Clinical Physiology, Department of Clinical Sciences LundFaculty of Medicine, Lund University, Box 117 221 00 Lund, Sweden.
Skåne University Hospital, Carl-Bertil Laurells gata 9, 214 28 Malmö, Sweden.
Cardiovasc Res. 2023 Oct 16;119(12):2230-2243. doi: 10.1093/cvr/cvad028.
Mild hypothermia, 32-35°C, reduces infarct size in experimental studies, potentially mediating reperfusion injuries, but human trials have been ambiguous. To elucidate the cardioprotective mechanisms of mild hypothermia, we analysed cardiac performance in a porcine model of ischaemia/reperfusion, with serial cardiovascular magnetic resonance (CMR) imaging throughout 1 week using non-invasive pressure-volume (PV) loops.

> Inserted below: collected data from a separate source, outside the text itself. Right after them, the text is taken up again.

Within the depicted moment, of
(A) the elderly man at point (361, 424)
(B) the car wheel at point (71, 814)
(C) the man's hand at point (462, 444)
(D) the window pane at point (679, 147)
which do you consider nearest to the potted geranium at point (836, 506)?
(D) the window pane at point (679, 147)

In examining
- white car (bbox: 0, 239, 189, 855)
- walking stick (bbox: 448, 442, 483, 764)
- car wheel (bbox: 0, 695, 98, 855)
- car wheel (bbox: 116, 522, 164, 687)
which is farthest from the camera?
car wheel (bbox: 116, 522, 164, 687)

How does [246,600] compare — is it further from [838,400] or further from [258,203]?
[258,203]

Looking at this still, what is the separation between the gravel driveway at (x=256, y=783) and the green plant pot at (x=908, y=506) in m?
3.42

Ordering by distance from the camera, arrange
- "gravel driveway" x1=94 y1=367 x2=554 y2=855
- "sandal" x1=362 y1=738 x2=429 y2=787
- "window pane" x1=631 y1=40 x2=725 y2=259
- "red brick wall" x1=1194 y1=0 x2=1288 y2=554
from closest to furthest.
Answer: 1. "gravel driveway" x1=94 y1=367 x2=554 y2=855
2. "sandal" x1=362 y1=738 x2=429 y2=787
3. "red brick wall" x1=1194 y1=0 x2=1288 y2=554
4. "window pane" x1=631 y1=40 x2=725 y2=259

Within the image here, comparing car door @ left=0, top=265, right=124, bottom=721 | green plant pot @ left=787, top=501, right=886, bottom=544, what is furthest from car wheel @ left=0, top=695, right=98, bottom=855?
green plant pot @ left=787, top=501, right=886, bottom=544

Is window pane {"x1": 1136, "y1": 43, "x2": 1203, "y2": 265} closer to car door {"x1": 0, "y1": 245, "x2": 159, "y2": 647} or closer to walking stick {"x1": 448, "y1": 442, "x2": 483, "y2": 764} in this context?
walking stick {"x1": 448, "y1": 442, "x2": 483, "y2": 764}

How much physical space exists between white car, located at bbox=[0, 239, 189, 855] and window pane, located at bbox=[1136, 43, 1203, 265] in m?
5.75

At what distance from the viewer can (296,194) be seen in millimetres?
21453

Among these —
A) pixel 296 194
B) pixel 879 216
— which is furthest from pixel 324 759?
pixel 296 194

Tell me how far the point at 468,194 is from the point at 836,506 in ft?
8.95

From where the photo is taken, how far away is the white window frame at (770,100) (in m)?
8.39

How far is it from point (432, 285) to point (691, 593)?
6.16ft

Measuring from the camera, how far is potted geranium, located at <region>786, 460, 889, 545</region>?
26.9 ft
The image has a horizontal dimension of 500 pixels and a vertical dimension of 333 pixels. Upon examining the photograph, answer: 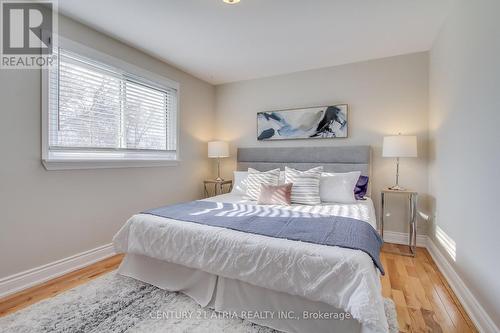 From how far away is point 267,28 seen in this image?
2543 mm

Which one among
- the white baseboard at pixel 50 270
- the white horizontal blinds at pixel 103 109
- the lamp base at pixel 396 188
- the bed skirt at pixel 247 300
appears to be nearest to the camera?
the bed skirt at pixel 247 300

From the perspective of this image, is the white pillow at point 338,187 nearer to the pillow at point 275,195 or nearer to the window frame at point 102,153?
the pillow at point 275,195

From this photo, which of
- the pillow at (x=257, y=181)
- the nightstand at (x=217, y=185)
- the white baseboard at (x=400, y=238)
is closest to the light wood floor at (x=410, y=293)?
the white baseboard at (x=400, y=238)

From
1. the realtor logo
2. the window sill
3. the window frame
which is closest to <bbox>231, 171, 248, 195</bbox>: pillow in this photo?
the window frame

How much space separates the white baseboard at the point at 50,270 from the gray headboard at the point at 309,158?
7.46 feet

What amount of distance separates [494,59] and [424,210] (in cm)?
218

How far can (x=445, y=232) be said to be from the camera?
8.00ft

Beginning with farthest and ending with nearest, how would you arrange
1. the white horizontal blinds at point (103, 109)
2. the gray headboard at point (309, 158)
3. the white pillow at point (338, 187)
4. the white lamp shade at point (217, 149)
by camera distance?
the white lamp shade at point (217, 149) < the gray headboard at point (309, 158) < the white pillow at point (338, 187) < the white horizontal blinds at point (103, 109)

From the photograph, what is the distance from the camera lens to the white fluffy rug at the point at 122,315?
5.21 ft

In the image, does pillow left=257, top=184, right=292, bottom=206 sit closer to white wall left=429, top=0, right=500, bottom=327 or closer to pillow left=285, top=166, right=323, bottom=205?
pillow left=285, top=166, right=323, bottom=205

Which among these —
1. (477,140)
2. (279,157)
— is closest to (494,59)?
(477,140)

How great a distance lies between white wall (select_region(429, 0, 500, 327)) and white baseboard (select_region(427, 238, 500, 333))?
0.16ft

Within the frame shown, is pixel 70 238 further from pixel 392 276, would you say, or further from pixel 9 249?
pixel 392 276

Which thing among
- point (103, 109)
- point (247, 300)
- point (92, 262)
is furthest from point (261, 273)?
point (103, 109)
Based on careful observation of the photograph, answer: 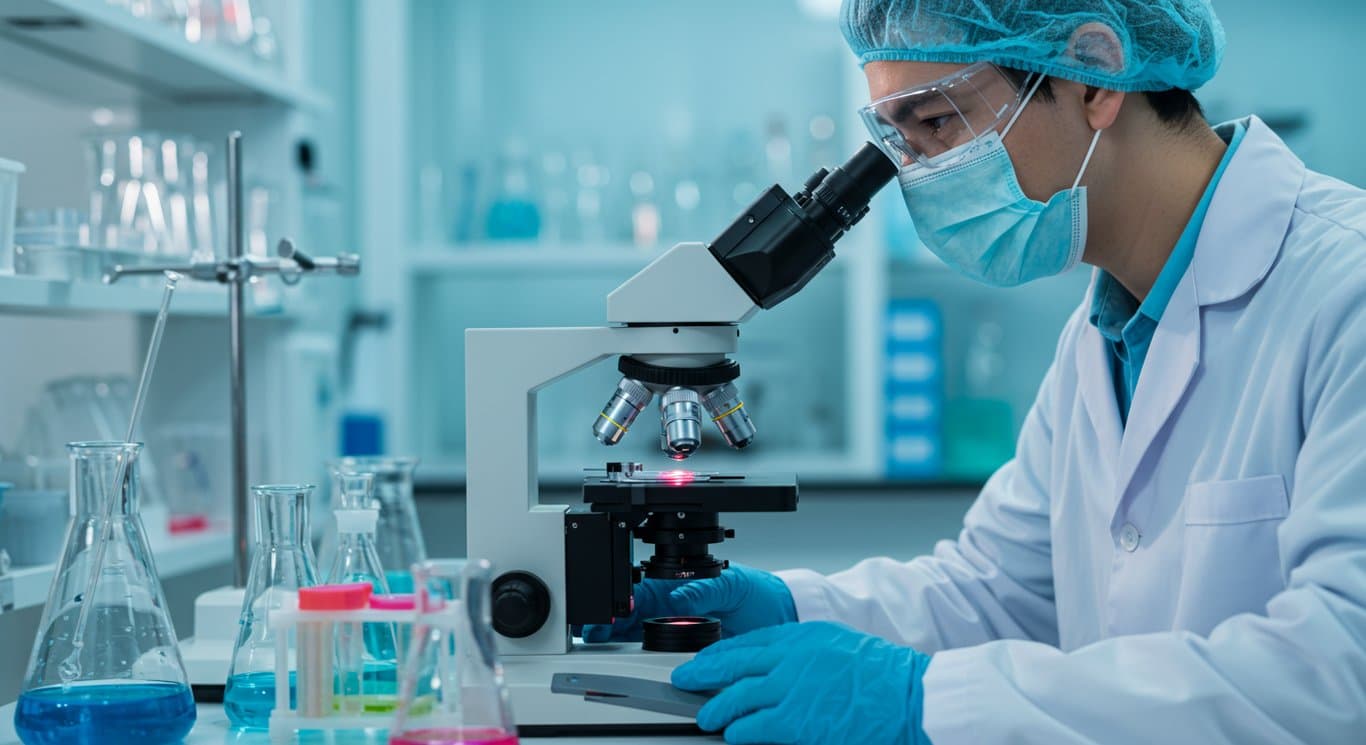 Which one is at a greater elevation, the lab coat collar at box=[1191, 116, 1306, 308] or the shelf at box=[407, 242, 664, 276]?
the shelf at box=[407, 242, 664, 276]

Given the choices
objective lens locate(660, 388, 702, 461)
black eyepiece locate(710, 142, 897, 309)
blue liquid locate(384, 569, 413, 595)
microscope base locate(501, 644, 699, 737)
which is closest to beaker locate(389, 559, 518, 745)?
microscope base locate(501, 644, 699, 737)

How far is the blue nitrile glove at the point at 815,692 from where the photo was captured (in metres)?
1.00

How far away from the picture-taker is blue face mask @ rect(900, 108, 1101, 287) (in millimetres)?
1315

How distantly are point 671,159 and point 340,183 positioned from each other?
0.85m

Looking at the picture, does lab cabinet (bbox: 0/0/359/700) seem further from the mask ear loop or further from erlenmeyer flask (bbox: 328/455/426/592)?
the mask ear loop

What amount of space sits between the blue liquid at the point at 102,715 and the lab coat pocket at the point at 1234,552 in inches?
35.0

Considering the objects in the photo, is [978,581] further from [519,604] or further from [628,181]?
[628,181]

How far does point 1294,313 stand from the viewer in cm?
113

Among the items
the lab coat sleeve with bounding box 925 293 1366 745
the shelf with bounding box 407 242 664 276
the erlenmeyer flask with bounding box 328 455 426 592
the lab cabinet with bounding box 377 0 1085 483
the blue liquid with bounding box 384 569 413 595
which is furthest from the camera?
the lab cabinet with bounding box 377 0 1085 483

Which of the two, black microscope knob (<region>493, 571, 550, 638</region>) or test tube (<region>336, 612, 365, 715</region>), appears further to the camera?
black microscope knob (<region>493, 571, 550, 638</region>)

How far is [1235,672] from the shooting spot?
0.94m

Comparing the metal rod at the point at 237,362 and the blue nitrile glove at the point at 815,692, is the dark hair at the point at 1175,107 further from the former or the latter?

Normothermia and Hypothermia group sessions (n = 7 + 7 pigs, non-random allocation) were imaged with Cardiovascular magnetic resonance (CMR) at baseline and subjected to 40 min of normothermic ischaemia by catheter intervention. Thereafter, the Hypothermia group was rapidly cooled (mean 34.5°C) for 5 min before reperfusion. Additional CMR sessions at 2 h, 24 h, and 7 days acquired ventricular volumes and ischaemic injuries (unblinded analysis). Stroke volume (SV: -24%; P = 0.029; Friedmans test) and ejection fraction (EF: -20%; P = 0.068) were notably reduced at 24 h in the Normothermia group compared with baseline. In contrast, the decreases were ameliorated in the Hypothermia group (SV: -6%; P = 0.77; EF: -6%; P = 0.13). Mean arterial pressure remained stable in Normothermic animals (-3%, P = 0.77) but dropped 2 h post-reperfusion in hypothermic animals (-18%, P = 0.007). Both groups experienced a decrease and partial recovery pattern for PV loop-derived variables over 1 week, but the adverse effects tended to attenuate in the Hypothermia group. Infarct sizes were 10 ± 8% in Hypothermic and 15 ± 8% in Normothermic animals (P = 0.32). Analysis of covariance at 24 h indicated that hypothermia has cardioprotective properties incremental to reducing infarct size, such as higher external power (P = 0.061) and lower arterial elastance (P = 0.015).
Using non-invasive PV loops by CMR, we observed that mild hypothermia at reperfusion alleviates the heart's work after ischaemia/reperfusion injuries during the first week and preserves short-term cardiac performance. This hypothesis-generating study suggests hypothermia to have cardioprotective properties, incremental to reducing infarct size. The primary cardioprotective mechanism was likely an afterload reduction acutely unloading the left ventricle.
在实验研究中,轻度低温(32-35°C)可减少梗死面积,可能介导再灌注损伤,但人体试验结果并不明确。为了阐明轻度低温的心脏保护机制,我们通过连续的心血管磁共振(CMR)成像,在 1 周内使用非侵入性压力-容积(PV)环分析了缺血/再灌注猪模型的心脏功能。
在正常体温和低温组(n = 7 + 7 头猪,非随机分配)中,通过心血管磁共振(CMR)在基线时进行成像,并通过导管干预进行 40 分钟的正常体温缺血。此后,低温组迅速降温(平均 34.5°C)5 分钟,然后再灌注。在 2 小时、24 小时和 7 天的额外 CMR 会议中获取心室容积和缺血损伤(非盲分析)。与基线相比,在正常体温组中,24 小时时的每搏量(SV:-24%;P = 0.029;Friedmans 检验)和射血分数(EF:-20%;P = 0.068)明显降低。相比之下,低温组的降低幅度得到了改善(SV:-6%;P = 0.77;EF:-6%;P = 0.13)。在正常体温动物中,平均动脉压保持稳定(-3%,P = 0.77),但在低温动物中,再灌注后 2 小时下降(-18%,P = 0.007)。两组在 1 周内的 PV 环衍生变量均呈现下降和部分恢复的模式,但低温组的不良影响趋于减弱。低温组的梗死面积为 10±8%,正常体温组为 15±8%(P = 0.32)。24 小时的协方差分析表明,低温具有除减少梗死面积以外的心脏保护特性,如更高的外部功率(P = 0.061)和更低的动脉弹性(P = 0.015)。
通过 CMR 使用非侵入性的 PV 环,我们观察到,再灌注时的轻度低温可减轻缺血/再灌注损伤后心脏的工作负荷,并在第一周内保持短期的心脏功能。这项产生假说的研究表明,低温除了减少梗死面积外,还具有心脏保护特性。主要的心脏保护机制可能是急性减轻左心室后负荷,从而使左心室卸载。